Pour certains groupes parlementaires, cette mesure permettrait d’améliorer le niveau de formation des futurs avocats. D’autres estiment, en revanche, qu’elle pourrait créer un obstacle supplémentaire, notamment pour les candidats issus de milieux modestes.
L’aptitude physique à clarifier
Un autre point discuté concerne la condition d’aptitude physique prévue dans le texte.
Plusieurs parlementaires ont demandé une formulation plus précise afin d’éviter toute interprétation discriminatoire envers les personnes en situation de handicap. Le ministre a reconnu la nécessité de clarifier cette disposition.

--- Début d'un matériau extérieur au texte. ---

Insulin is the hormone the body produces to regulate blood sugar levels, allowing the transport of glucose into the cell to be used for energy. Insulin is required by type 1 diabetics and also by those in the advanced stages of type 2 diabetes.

Un institut de formation prévu à Tanger
Le projet de loi prévoit aussi la création d’un institut de formation des avocats. Abdellatif Ouahbi a annoncé que son ouverture est prévue fin juin à Tanger.
Dans une première phase, cet établissement devrait accueillir entre 100 et 150 étudiants. D’autres villes, comme Marrakech, Fès, Agadir ou Casablanca, pourraient ensuite accueillir des structures similaires.
Une formation plus pratique pour les futurs avocats
Selon le projet, les futurs candidats suivront une formation axée sur la pratique avant d’effectuer deux années de stage sous la supervision du bâtonnier.
Une bourse est également prévue durant la période de formation, afin d’accompagner les étudiants dans leur parcours.
Trouver un équilibre
À travers ces discussions, les députés ont insisté sur la nécessité de trouver un équilibre entre l’amélioration du niveau de la profession et la garantie d’un accès équitable au métier d’avocat.